After the splendid book on Capitalism in America which he coauthored with Alan Greenspan, Adrian Wooldridge published a book on meritocracy and is understandably trying to rejuvenate its arguments.

He is intellectually reckless enough, to use the British Tory leadership as a case in point. Boris Johnson’s resignation has opened a contest in which ten candidates are running for leadership: which means being head of the government but also presumably the face of the party when new elections come. England is supposed to be a “class society” more than most. Indeed the Etonian backgrounds of David Cameron and Boris Johnson have reinforced the idea of the Tory party as pretty much the projection of whatever is left of the British elite. The most successful Conservative politician of the second half of the 20th century, Margaret Thatcher, is the rare case of a Tory with a middle class background who was a social outsider in her own party (of course, the first woman prime minister of her country). But Thatcher, so most people think, was definitely one of a kind.

Wooldridge however thinks differently:

The candidates for the Conservative Party leadership are strikingly diverse. Six of the 10 declared candidates are members of ethnic minorities; three (Suella Braverman, Rishi Sunak and Sajid Javid) are the children of immigrants; two (Nadhim Zahawi and Rehman Chisti) were born abroad, in Iraq and Pakistan respectively; and one (Kemi Badenoch) was brought up in Nigeria. Four are female. Only two are White men.

The Conservative Party has done a much better job of diversifying than other parts of the British establishment, which has focused instead on the politically correct trappings of rainbow flags and diversity courses.

How did this extraordinary revolution come about? The Tories grasped the enormous power of “sponsored mobility” — that is, spotting potential superstars when they are still young and promoting them rapidly through the party ranks. The Labour Party should have far more potential ethnic minority leadership candidates than the Conservatives, given that Labour won some 62% of that demographic at the most recent election compared with the Conservatives’ 24%. But Labour relies on talent bubbling up on its own rather than being given a helping hand. The result is that many Labour minority MPs are unimpressive machine politicians and a few are self-dealers. Labour’s leader, deputy leader and shadow chancellor are all White.

The Tory breakthrough came in 2005. David Cameron came up with the idea of the party’s central office nominating A-list candidates for local districts to consider. That preserved the constituencies’ much-prized sovereignty but forced them to consider people different from the White men they’d traditionally favored.

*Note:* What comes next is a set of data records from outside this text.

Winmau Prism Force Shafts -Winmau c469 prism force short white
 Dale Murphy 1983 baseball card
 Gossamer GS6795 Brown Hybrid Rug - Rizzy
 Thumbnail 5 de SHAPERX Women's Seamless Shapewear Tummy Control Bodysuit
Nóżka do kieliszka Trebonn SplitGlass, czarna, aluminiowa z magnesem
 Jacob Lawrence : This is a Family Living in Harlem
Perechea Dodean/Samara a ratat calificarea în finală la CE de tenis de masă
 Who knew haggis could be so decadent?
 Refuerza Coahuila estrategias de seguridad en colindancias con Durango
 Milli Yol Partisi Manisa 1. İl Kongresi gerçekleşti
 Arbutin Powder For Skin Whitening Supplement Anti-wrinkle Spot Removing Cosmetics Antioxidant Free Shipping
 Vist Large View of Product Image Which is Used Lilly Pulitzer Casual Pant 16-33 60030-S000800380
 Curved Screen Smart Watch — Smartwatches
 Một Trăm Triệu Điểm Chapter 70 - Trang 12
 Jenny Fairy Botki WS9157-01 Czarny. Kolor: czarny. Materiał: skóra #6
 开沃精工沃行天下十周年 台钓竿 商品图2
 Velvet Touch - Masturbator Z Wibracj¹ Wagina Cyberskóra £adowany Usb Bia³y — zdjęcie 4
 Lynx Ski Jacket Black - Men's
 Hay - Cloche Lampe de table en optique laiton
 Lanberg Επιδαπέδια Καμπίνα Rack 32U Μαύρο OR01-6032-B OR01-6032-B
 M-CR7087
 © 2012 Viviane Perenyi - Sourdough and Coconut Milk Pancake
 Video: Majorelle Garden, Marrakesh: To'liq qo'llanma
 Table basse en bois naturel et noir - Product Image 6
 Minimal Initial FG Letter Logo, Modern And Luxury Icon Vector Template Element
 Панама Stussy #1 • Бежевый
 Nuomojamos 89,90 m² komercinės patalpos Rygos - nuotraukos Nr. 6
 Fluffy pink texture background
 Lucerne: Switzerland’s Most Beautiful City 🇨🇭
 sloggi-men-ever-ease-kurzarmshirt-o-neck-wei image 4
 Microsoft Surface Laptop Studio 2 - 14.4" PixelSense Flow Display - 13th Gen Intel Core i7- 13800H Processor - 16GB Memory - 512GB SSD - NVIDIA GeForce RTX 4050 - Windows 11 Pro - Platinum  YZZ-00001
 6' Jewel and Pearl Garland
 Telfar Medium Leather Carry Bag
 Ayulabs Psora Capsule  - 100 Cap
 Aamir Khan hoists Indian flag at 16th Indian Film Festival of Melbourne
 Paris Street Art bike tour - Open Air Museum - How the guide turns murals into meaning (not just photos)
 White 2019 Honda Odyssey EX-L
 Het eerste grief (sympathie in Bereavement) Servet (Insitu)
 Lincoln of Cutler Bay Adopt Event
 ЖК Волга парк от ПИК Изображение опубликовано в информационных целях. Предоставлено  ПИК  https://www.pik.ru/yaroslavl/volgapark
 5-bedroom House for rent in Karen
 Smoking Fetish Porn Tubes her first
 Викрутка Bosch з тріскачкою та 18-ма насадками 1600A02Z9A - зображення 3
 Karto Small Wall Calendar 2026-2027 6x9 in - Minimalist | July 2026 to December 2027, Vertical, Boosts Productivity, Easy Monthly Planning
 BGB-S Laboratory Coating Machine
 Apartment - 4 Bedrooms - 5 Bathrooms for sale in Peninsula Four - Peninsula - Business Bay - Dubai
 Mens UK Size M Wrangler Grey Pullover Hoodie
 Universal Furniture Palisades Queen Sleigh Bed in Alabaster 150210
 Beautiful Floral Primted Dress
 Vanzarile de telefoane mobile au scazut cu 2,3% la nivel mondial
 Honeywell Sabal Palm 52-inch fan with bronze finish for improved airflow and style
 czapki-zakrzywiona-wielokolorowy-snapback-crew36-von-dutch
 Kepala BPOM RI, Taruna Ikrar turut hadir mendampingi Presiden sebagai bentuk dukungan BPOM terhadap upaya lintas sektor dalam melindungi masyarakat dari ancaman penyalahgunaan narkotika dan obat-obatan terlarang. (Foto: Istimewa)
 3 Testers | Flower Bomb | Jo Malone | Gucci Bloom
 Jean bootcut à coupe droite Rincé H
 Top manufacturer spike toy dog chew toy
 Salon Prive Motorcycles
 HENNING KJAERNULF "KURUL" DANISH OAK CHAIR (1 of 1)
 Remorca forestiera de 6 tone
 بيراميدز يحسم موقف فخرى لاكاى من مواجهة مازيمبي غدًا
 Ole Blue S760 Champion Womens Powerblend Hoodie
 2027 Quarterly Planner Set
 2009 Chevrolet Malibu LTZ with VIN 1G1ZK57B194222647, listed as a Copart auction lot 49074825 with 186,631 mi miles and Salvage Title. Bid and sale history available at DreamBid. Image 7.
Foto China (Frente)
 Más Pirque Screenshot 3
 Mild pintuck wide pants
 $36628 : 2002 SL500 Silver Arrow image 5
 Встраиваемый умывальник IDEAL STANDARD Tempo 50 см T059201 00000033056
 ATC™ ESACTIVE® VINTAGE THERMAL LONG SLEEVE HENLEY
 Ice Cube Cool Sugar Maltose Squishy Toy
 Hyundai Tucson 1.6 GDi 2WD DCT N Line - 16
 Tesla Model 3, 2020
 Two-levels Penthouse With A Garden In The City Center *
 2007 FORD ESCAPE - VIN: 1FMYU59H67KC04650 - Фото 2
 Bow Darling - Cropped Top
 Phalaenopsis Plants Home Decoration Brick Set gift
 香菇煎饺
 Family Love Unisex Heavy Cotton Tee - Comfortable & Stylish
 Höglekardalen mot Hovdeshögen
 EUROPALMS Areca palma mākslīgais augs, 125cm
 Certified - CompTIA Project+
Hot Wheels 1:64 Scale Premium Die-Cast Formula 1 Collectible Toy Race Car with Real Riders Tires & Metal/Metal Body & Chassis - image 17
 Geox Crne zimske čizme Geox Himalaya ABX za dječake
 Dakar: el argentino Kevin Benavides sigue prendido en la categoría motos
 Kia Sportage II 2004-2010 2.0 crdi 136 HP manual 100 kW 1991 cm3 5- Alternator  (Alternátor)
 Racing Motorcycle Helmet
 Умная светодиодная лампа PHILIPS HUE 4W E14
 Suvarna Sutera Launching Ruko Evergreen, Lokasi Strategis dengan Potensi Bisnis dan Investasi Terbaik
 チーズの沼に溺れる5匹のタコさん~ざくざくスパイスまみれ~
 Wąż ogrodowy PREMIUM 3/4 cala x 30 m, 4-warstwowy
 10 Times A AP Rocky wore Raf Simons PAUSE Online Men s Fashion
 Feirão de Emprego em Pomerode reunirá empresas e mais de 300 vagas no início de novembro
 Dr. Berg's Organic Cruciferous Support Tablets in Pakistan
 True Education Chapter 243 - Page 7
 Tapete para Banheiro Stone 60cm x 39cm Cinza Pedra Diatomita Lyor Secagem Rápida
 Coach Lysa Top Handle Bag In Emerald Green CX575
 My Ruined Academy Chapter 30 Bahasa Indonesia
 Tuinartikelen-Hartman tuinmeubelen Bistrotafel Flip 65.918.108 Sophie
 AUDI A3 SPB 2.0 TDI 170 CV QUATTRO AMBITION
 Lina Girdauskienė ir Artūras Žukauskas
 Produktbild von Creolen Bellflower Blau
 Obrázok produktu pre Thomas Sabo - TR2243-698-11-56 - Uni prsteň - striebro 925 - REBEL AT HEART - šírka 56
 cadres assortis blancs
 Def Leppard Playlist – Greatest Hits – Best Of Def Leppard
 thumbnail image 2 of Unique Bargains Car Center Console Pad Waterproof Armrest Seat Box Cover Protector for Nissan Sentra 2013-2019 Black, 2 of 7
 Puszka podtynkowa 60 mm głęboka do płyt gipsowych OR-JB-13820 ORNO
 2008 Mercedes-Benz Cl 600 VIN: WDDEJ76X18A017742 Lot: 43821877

It is an interesting and thought-provoking piece. Broadly speaking, as Wooldridge point out, it would be important for political parties to represent minorities without appealing to a rhetoric of victimhood. This goes together with having representatives who claim to be “success stories” in their countries, and aim to speak for those like them. I don’t know how many of these people are attracted by politics and political parties in the West at the moment. But somehow the Tory party did it.